Friday, March 15, 2013

Drift: The Unmooring of American Military Power by Rachel Maddow

There was a second depressing book that I read while also reading the uplifting The Boy Who Harnessed the Wind by William Kamkwamba. Unlike Fahrenheit 451 by Ray Bradbury, which is fiction, this book is history. Some readers might dispute the author's sources and interpretations of history, but the people are real and the events are true. The book is the 2012 bestseller Drift: The Unmooring of American Military Power by Rachel Maddow, which I borrowed in downloadable audio read by the author.

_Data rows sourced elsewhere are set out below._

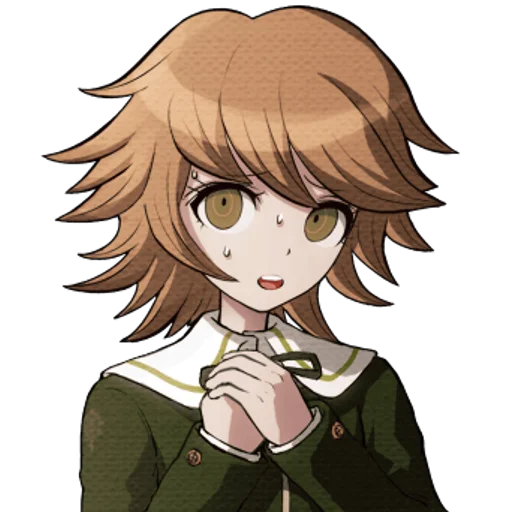 😅 Стикер «Danganronpa Sprites /» для Telegram
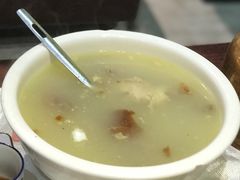 鸭架冬瓜汤-京味民福烤鸭店(建设四马路店)
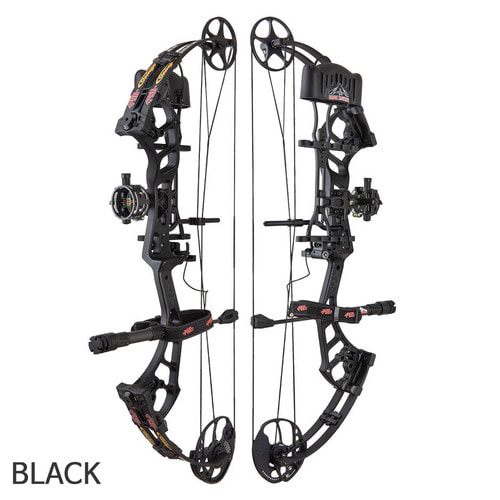 2020 PSE STINGER MAX PRO PACKAGEA-FAC archery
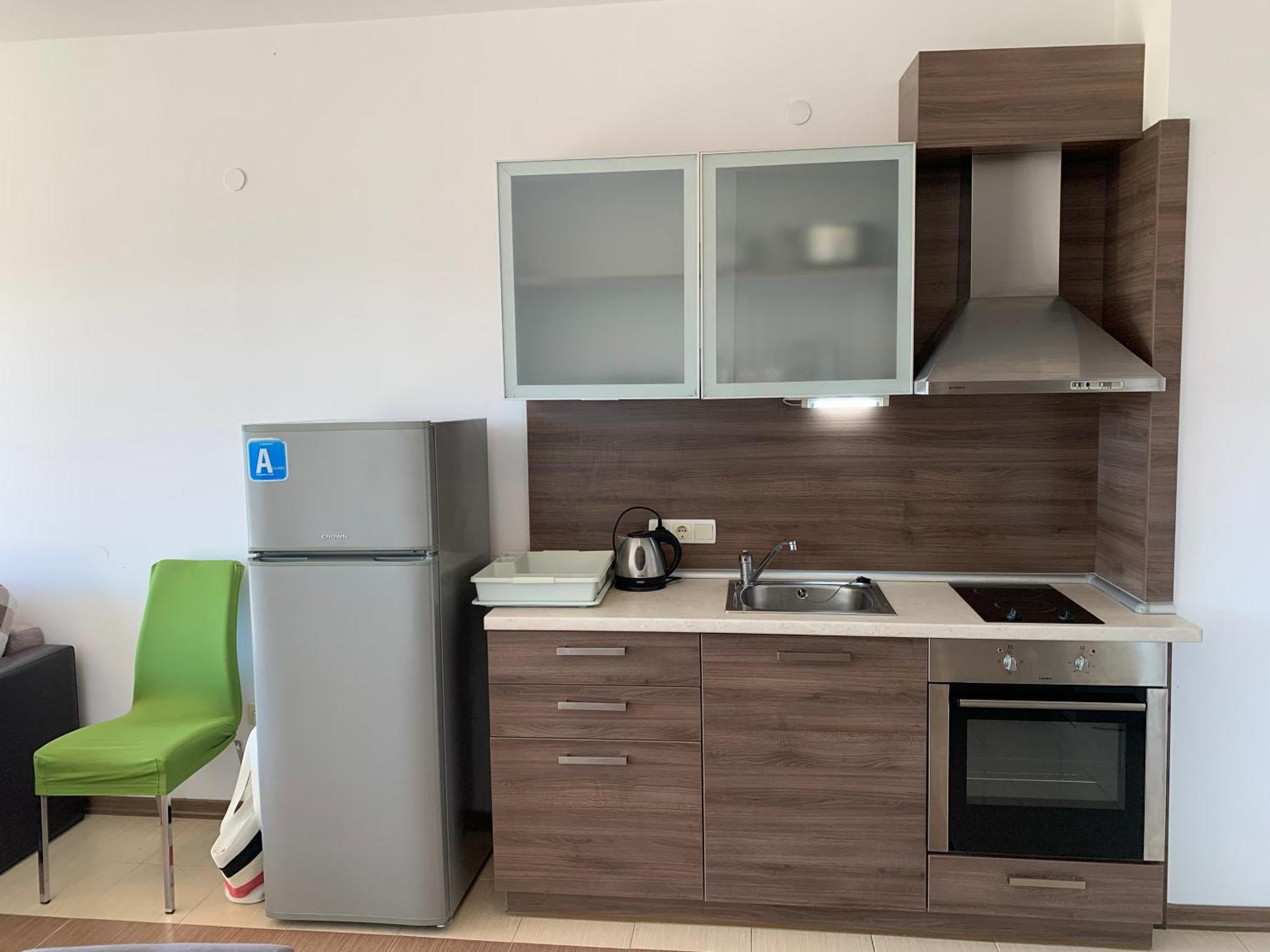 Apartment At St. Nicholas Complex-Igora Черноморец Экстерьер фото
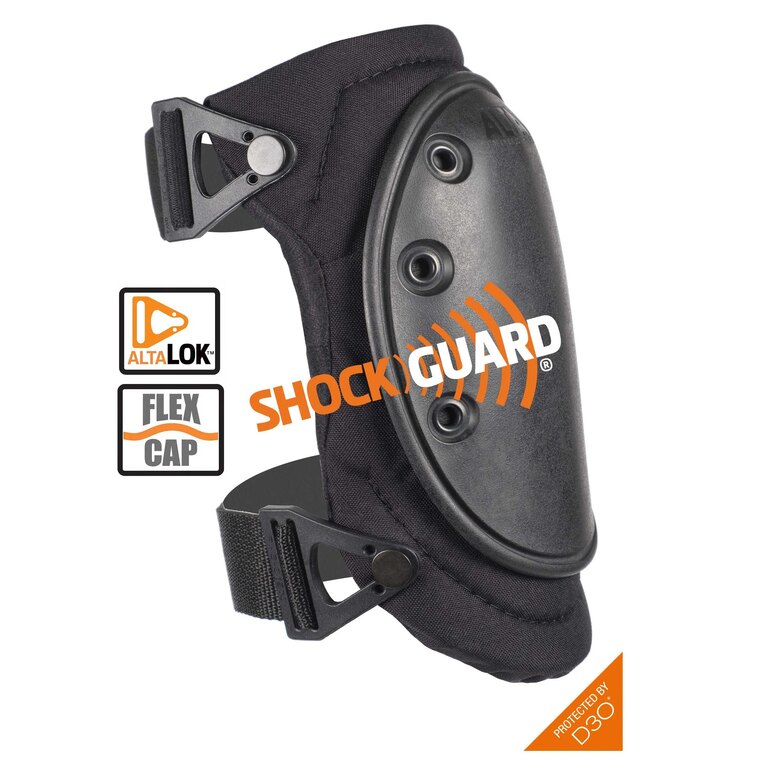 Knieschoner AltaFLEX™ ShockGUARD® D3O® ALTA®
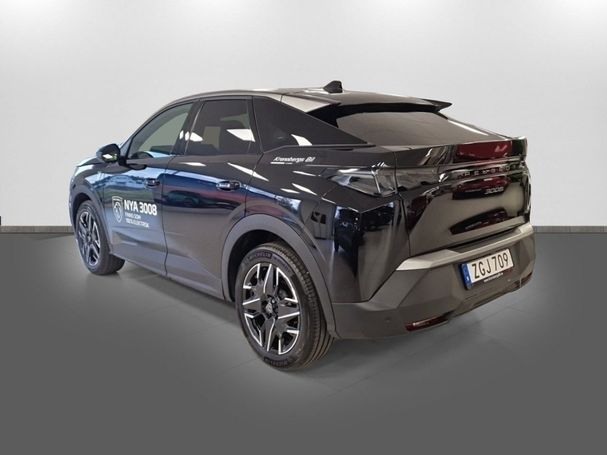 Peugeot 3008 Hybrid 136 GT 100 kW image number 6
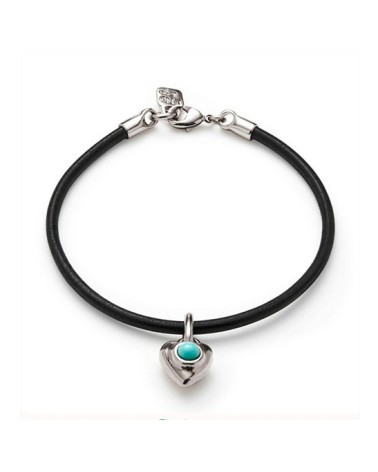 Pulsera Uno de 50 Corazón PUL2564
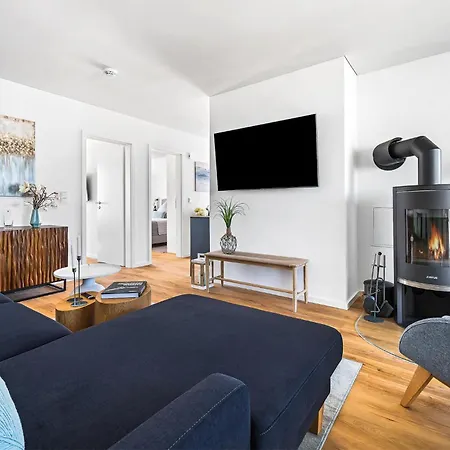 Appartement Strandkrabbe Olpenitz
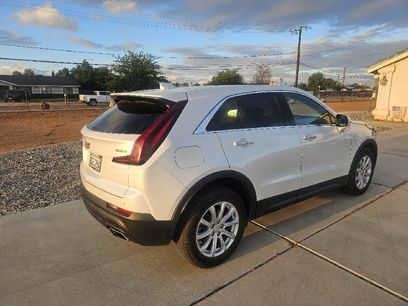 Used 2021 Cadillac XT4 Luxury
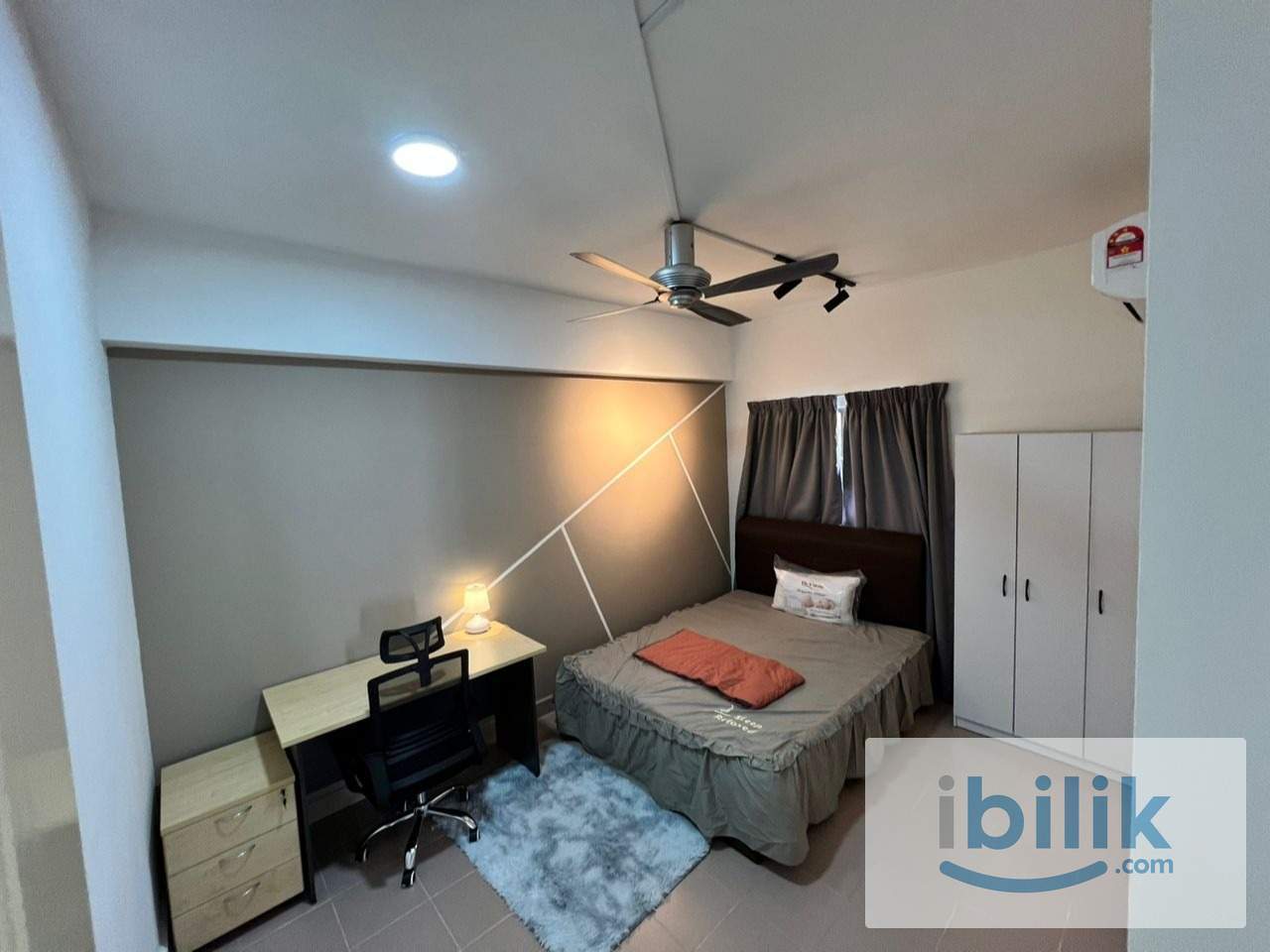 Free WIFI Single Female Room at Vista Komanwel - Image 1
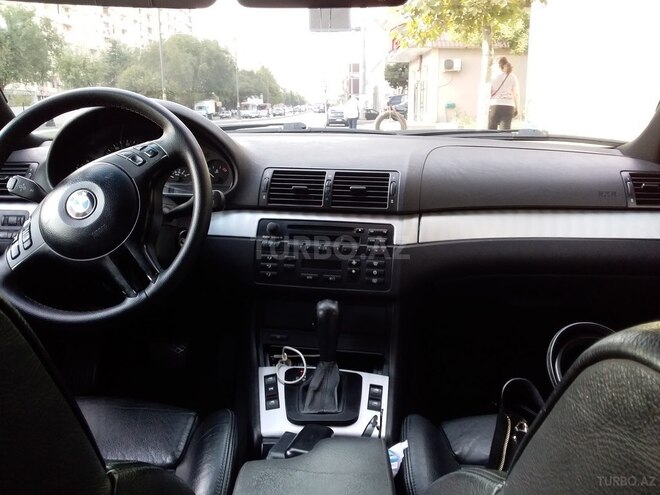 BMW 325 2005, 240,000 km - 2.5 l - Bakı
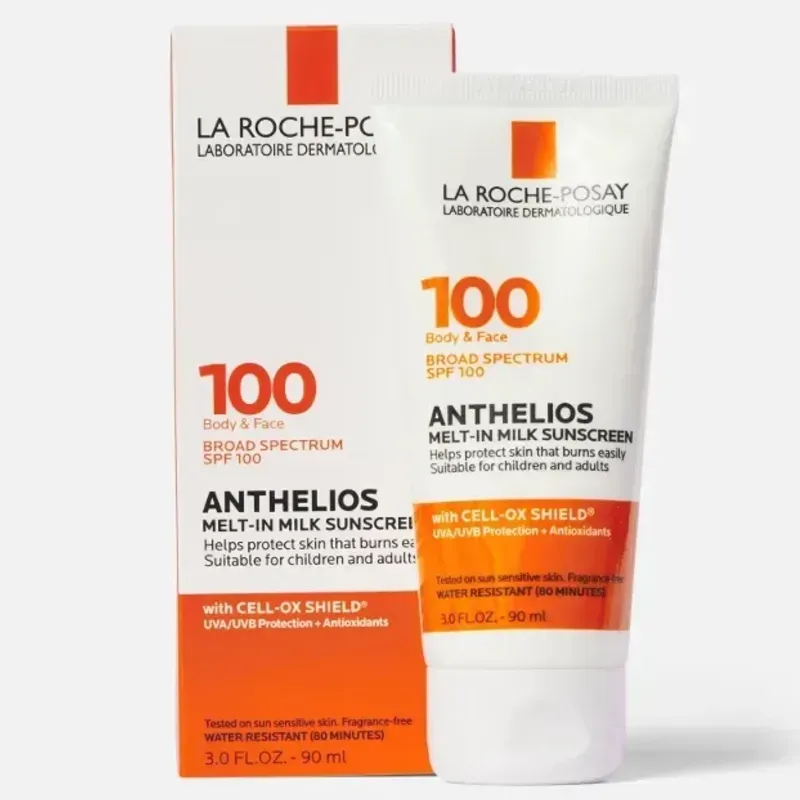 Protector Solar Anthelios Melt-in Milk La Roche-Posay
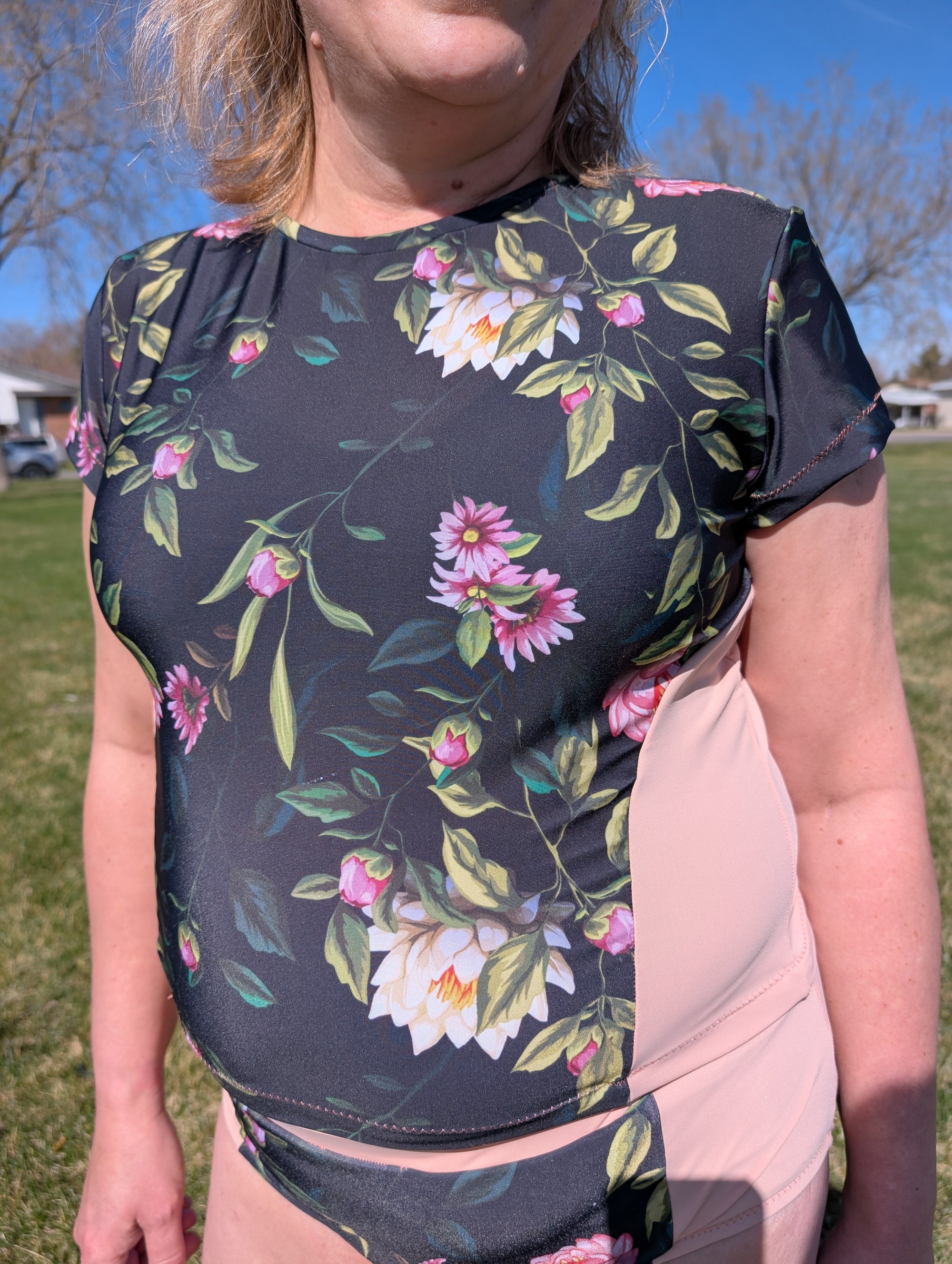 Kona Swim Bottoms PDF Pattern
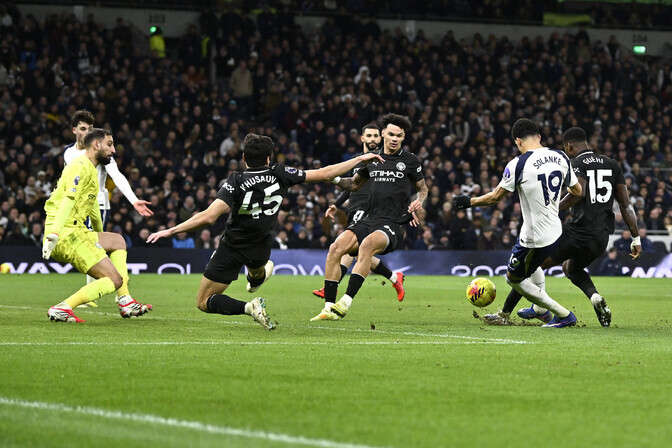 Man City mängis Londonis kaheväravalise edu maha | Jalgpall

In Drift, Maddow recounts how our country has veered away from our Founders' idea of citizen soldiers who were only in uniform when our country was at war. Of course, there was never a time when there were absolutely no soldiers, as there were always a few to stand guard in the capitol and to maintain a bit of structure should it be needed. However, the idea of a large standing army was thought a danger to democracy by many in the first two centuries of our nation. Through the bloody 20th century, the idea eroded, taking an especially big hit when Ronald Reagan and his political alliance arranged a massive expansion of our military force and vast spending on weapons at a time when we had actually been without a ground war to fight. So he and his advisers arranged for us to send weapons through Israel to Iran to get money for fighting rebels in Nicaragua - all under the table and off the books. In defense, Reagan touted the superior strength and spending of the Soviet Union, when in truth the communist power was crumbling. His administration was admonished for the illegal activities but never punished. All of the presidential administrations since have interpretted Reagan's success as a nod toward their own bypassing Congress and the American people in extralegal military activities. 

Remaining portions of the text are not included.